Ubicada al norte de Lima y con una población de unos 16.000 habitantes, la ciudad de Huarmey se convirtió en marzo pasado en una de las zonas más afectadas por el fenómeno climatológico del “Niño Costero”.

Las intensas lluvias que provocaron el desborde del río Huarmey dejaron a cientos de familias sin hogar y convirtieron la ciudad en un espacio inhabitable. Dos meses después, algunos de sus vecinos han vuelto a ocupar sus viviendas y a colaborar con la reconstrucción de sus barrios. Sin embargo, aún hay mucho camino por recorrer para volver a la normalidad.

Para lograrlo, el compromiso de las autoridades locales y centrales es imprescindible, aunque no suficiente. Por ello, el apoyo de la sociedad civil y de las empresas se hace vital. Conscientes de ello, Coca-Cola y CARE Perú han alistado un plan completo de ayuda que brinda soluciones a todas las etapas del desastre –emergencia, alivio y reconstrucción– denominado Manos a la Obra.

La fase de alivio comprende la entrega de kits de aseo y sachets de potabilizadores de agua.

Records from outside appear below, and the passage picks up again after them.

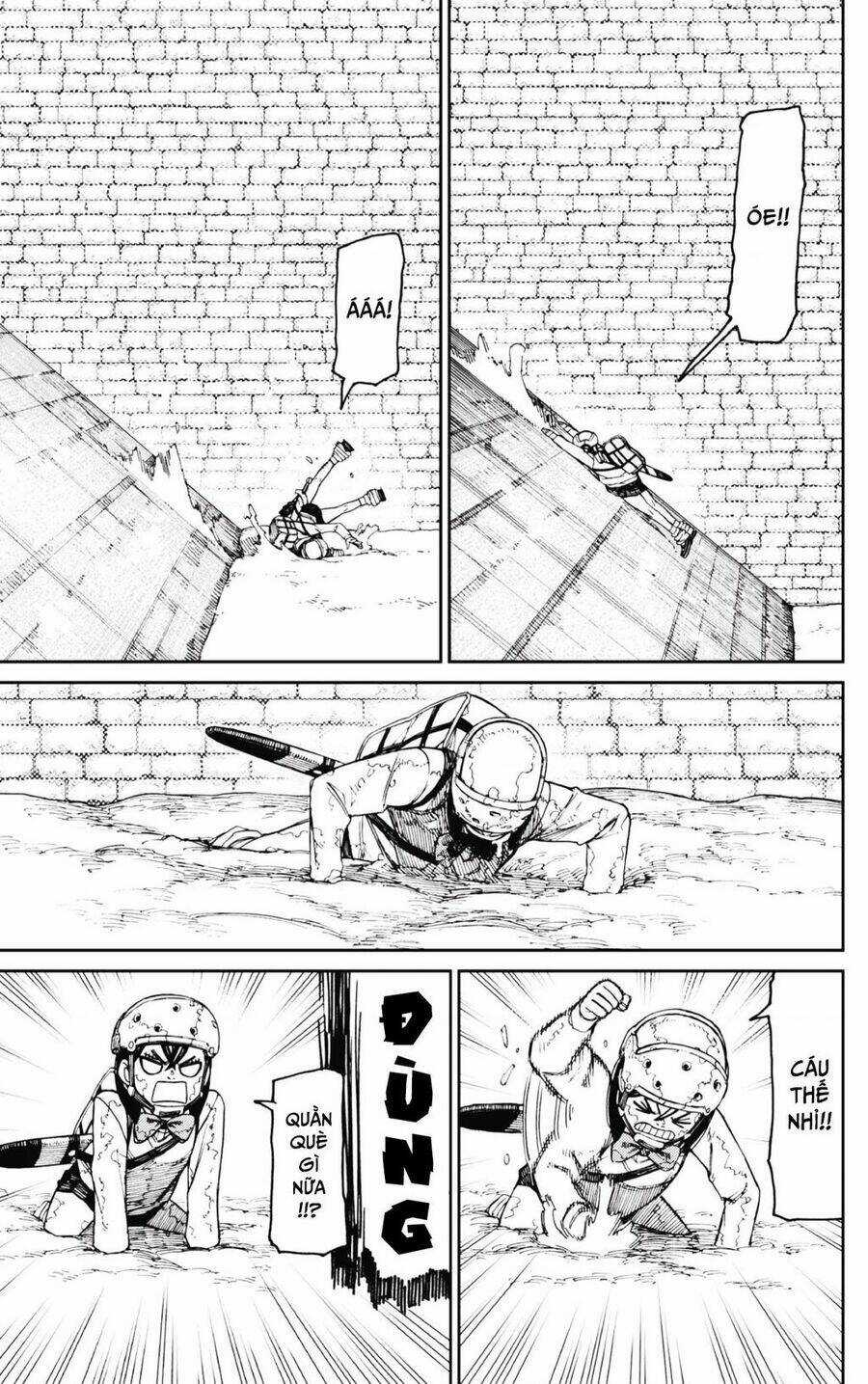 Dandadan!! Chapter 136 trang 3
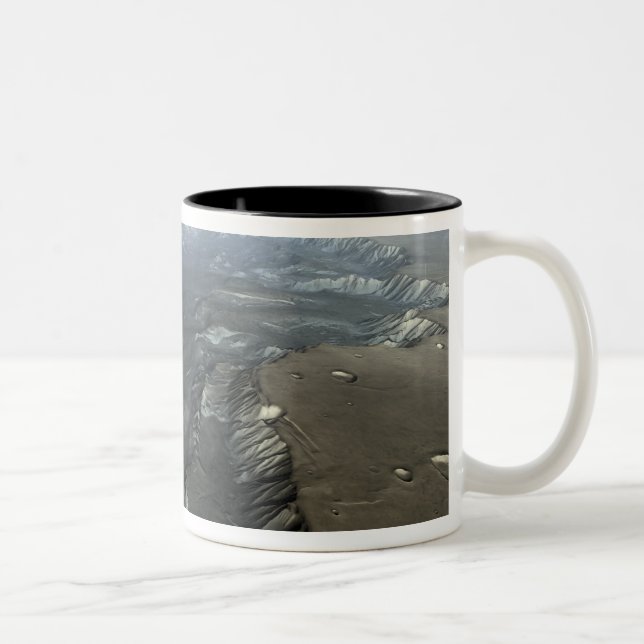 Valles Marineris, Storcanyon Mars Två-Tonad Mugg (Höger)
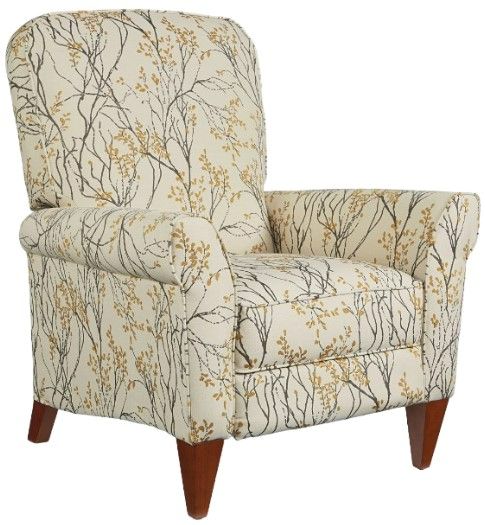 La-Z-Boy® Customizable Haven Manual High Leg Reclining Chair-1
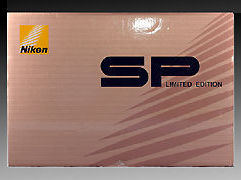 Corugated box packing for Nikon SP 2005 Limited Edition rangefinder camera model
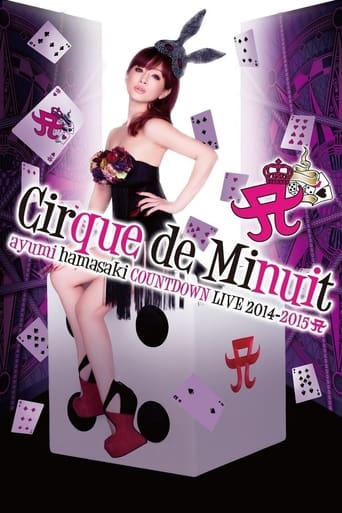 Poster of Ayumi Hamasaki Countdown Live 2014-2015 A: Cirque de Minuit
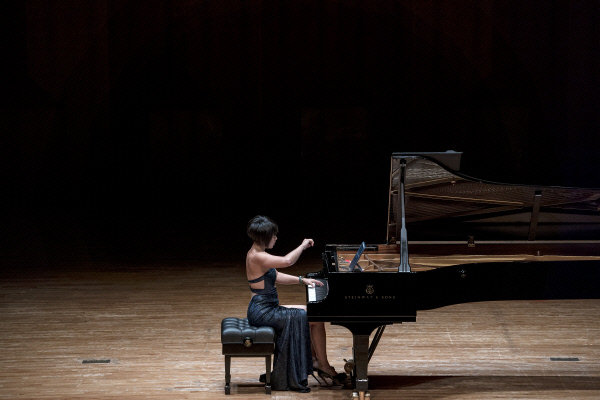 공연 중인 유자왕. 마스트미디어 제공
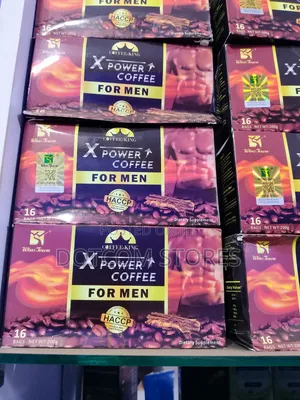 1 Pack 16bgs Coffee-King Coffee for Men (Wins Town)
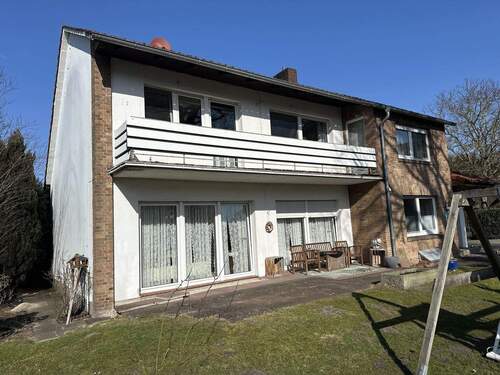 Hausansicht - 5 Zimmer Mehrfamilienhaus, Wohnhaus in Quernheim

La Compañía convocó a sus trabajadores como voluntarios para apoyar en la distribución de estos productos.La respuesta fue masiva y un grupo de ellos se desplazó a Huarmey para colaborar directamente en la zona.

Manos a la obra

El 27 de abril, desde primera hora de la mañana hasta el atardecer, decenas de trabajadores de la Compañía se hicieron cargo de la distribución de los kits en Huarmey. Ayudaron a preparar los kits, registrar a los beneficiarios de la ayuda, y sobre todo, a dar apoyo directo a los afectados.

Para Magnolia Quiroz, Asistente de visitas a planta de Arca Continental Lindley, la experiencia que vivió en Huarmey le hizo ver cómo las personas pueden perderlo todo pero no darse por vencidas. “Los seres humanos somos capaces de salir adelante pese a las adversidades y creo que los peruanos somos un ejemplo de ello”, dijo. Y agregó: “Creo que Arca Continental Lindley acierta mucho al permitir que sus colaboradores podamos formar parte de las acciones de ayuda que tiene la Compañía. Compartir con los que más lo necesitan es algo que alimenta el alma”, sostuvo.

Así como ella, Domingo Dávila, Supervisor de planta de productos terminados de Lindley, también se sintió feliz de poder ser parte de estas acciones solidarias. “Ver cómo las personas se muestran agradecidas y felices de recibir ayuda, es algo que te llena y emociona”, contó.